Items from a dataset
*****

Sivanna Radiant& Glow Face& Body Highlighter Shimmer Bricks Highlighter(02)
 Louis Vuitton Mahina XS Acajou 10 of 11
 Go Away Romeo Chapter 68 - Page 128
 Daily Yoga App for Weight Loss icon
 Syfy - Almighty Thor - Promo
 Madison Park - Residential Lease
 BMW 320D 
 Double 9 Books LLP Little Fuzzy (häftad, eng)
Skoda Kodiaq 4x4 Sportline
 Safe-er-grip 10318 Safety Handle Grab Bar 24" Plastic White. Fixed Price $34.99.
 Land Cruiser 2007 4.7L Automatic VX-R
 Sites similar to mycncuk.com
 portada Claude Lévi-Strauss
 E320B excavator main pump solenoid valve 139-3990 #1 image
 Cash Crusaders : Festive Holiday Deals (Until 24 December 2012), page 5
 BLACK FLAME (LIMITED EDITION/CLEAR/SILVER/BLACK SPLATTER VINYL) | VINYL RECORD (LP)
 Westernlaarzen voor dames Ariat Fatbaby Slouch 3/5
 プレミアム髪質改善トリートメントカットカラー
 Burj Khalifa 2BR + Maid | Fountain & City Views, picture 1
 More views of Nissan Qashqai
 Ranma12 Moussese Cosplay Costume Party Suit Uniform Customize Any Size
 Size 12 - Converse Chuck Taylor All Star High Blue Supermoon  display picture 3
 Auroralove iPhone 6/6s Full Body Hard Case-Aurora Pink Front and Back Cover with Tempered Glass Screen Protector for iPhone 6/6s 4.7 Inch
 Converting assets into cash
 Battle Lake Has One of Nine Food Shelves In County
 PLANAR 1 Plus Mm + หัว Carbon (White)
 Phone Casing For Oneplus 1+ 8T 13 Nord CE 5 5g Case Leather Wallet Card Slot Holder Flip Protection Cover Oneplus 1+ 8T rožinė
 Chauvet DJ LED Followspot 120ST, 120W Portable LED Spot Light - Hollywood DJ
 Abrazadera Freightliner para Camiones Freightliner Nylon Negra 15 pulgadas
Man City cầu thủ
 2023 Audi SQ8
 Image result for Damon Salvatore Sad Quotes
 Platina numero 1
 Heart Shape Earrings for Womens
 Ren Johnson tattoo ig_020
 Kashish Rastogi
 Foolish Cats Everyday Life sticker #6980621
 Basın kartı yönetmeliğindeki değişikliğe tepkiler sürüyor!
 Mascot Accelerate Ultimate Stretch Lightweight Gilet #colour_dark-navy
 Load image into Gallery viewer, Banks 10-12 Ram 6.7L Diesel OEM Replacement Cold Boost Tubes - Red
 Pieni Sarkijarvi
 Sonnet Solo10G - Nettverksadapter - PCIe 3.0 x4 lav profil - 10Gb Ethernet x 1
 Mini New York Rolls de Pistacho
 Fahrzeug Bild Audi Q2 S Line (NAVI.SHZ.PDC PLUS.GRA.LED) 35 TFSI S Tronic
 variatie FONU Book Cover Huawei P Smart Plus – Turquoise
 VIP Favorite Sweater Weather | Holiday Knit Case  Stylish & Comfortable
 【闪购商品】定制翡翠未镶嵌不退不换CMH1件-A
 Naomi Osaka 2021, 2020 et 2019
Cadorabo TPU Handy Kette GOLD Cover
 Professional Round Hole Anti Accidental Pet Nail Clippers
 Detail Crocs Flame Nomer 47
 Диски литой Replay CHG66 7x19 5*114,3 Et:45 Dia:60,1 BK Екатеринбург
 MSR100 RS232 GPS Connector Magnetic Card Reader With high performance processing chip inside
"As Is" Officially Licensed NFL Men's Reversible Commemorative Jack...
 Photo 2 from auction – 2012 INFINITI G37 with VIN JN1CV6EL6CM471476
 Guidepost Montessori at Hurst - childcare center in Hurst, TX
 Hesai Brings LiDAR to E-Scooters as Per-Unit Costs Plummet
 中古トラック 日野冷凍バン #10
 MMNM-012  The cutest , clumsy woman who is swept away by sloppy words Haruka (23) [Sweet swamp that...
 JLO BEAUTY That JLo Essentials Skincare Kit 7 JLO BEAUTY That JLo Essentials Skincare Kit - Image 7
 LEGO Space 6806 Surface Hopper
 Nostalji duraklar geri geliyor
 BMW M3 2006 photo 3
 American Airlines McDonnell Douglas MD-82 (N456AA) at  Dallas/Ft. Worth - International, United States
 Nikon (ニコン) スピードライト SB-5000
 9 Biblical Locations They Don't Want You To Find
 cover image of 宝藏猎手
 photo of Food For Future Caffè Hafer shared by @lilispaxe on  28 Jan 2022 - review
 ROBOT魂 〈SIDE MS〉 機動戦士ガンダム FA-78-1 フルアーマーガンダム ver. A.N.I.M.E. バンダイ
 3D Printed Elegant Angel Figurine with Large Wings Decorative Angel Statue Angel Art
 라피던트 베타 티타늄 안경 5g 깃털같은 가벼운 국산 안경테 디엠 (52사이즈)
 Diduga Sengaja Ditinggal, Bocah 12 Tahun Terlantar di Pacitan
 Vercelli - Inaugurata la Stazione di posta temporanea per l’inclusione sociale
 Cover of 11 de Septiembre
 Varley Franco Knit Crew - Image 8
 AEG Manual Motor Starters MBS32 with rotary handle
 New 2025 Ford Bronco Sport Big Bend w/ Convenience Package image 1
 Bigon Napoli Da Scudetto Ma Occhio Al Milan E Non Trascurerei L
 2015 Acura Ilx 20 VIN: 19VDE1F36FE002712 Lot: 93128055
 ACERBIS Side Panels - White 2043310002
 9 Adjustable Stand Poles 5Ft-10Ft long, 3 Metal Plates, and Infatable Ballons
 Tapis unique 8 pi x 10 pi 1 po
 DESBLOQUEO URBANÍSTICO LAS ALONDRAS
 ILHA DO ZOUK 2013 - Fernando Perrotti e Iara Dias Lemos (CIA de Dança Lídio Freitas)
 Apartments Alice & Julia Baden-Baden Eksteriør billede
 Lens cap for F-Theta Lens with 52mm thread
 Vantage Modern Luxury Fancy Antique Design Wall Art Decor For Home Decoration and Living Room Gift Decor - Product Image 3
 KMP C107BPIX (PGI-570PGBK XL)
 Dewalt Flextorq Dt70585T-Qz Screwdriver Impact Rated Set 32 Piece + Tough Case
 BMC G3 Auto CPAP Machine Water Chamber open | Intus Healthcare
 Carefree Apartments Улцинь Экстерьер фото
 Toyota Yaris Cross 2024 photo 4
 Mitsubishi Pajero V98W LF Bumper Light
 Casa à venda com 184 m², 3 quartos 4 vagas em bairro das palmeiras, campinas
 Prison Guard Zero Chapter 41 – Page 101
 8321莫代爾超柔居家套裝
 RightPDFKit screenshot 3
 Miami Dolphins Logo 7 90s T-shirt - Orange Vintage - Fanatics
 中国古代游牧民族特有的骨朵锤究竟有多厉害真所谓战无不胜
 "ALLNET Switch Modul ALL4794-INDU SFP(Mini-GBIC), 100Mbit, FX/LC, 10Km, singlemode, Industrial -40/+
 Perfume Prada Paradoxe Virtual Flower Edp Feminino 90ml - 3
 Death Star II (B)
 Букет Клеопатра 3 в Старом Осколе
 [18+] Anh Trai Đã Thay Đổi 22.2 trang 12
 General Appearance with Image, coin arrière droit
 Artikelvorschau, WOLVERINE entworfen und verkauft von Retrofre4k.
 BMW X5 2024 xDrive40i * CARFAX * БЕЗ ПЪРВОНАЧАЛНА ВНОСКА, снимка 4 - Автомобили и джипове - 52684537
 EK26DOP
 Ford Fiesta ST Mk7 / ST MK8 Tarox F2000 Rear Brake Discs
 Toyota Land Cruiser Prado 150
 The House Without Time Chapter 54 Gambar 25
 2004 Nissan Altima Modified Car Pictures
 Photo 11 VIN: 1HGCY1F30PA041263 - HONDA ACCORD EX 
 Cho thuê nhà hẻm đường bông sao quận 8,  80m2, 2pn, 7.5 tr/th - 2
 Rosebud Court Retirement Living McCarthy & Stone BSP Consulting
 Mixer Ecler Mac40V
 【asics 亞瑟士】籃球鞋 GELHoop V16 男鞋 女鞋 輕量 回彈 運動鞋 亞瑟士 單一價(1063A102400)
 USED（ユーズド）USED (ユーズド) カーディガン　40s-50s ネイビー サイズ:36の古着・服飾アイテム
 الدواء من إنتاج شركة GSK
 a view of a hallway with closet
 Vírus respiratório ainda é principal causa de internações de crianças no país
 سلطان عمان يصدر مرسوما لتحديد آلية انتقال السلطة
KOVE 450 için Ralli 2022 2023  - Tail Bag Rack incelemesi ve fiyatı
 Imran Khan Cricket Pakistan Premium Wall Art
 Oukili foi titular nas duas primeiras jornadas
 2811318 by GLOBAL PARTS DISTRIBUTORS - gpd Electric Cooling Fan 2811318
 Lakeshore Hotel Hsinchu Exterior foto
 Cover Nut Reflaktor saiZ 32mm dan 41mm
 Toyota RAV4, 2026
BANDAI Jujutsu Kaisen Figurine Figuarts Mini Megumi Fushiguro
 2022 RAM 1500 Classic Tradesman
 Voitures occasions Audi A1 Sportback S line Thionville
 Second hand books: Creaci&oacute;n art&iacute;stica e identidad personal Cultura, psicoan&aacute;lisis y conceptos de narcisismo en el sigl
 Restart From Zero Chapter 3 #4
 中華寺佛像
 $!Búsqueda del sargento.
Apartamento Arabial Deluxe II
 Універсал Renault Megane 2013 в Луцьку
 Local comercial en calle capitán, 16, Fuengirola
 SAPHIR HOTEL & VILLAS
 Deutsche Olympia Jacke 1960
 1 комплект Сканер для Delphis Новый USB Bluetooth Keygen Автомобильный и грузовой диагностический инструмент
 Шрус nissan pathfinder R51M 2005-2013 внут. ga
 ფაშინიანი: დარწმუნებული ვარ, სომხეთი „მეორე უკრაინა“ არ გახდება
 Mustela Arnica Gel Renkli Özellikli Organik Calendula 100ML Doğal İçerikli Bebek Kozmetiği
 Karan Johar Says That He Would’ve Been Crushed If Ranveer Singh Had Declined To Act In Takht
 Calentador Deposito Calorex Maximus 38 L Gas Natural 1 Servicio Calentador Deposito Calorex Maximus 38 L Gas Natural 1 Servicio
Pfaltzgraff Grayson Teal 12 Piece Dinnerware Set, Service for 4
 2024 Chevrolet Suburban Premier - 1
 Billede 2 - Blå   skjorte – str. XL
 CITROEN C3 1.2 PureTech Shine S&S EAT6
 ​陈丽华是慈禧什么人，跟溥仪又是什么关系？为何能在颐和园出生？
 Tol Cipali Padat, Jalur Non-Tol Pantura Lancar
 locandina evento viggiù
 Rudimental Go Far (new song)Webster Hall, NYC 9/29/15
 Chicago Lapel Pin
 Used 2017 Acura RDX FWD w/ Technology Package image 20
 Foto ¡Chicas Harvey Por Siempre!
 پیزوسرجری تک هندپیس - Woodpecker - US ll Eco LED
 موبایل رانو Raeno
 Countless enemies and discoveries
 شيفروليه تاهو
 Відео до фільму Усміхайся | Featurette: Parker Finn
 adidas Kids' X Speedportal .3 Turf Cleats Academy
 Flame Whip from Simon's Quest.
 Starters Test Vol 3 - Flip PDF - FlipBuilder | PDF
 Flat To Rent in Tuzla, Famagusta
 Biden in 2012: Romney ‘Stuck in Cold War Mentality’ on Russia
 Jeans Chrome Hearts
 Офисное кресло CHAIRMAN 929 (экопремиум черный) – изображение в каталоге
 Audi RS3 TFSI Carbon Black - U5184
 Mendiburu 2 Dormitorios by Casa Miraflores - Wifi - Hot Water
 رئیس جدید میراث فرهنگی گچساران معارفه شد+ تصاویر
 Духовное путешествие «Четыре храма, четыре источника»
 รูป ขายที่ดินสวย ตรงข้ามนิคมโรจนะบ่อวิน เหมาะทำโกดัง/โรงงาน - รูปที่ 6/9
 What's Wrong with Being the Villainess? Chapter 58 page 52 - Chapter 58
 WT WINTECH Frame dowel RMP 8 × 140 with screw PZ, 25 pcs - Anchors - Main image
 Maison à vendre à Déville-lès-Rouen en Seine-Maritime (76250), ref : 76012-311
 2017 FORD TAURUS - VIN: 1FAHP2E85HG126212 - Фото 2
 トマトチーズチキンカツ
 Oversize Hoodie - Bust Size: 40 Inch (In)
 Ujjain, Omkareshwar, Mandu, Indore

*****

Instructions for the task:
Both end lines included, restate word for word the lines above from the line with "라피던트 베타 티타늄 안경 5g 깃털같은 가벼운 국산 안경테 디엠 (52사이즈)" to the line with "ILHA DO ZOUK", and nothing else.

Exercise result:
 라피던트 베타 티타늄 안경 5g 깃털같은 가벼운 국산 안경테 디엠 (52사이즈)
 Diduga Sengaja Ditinggal, Bocah 12 Tahun Terlantar di Pacitan
 Vercelli - Inaugurata la Stazione di posta temporanea per l’inclusione sociale
 Cover of 11 de Septiembre
 Varley Franco Knit Crew - Image 8
 AEG Manual Motor Starters MBS32 with rotary handle
 New 2025 Ford Bronco Sport Big Bend w/ Convenience Package image 1
 Bigon Napoli Da Scudetto Ma Occhio Al Milan E Non Trascurerei L
 2015 Acura Ilx 20 VIN: 19VDE1F36FE002712 Lot: 93128055
 ACERBIS Side Panels - White 2043310002
 9 Adjustable Stand Poles 5Ft-10Ft long, 3 Metal Plates, and Infatable Ballons
 Tapis unique 8 pi x 10 pi 1 po
 DESBLOQUEO URBANÍSTICO LAS ALONDRAS
 ILHA DO ZOUK 2013 - Fernando Perrotti e Iara Dias Lemos (CIA de Dança Lídio Freitas)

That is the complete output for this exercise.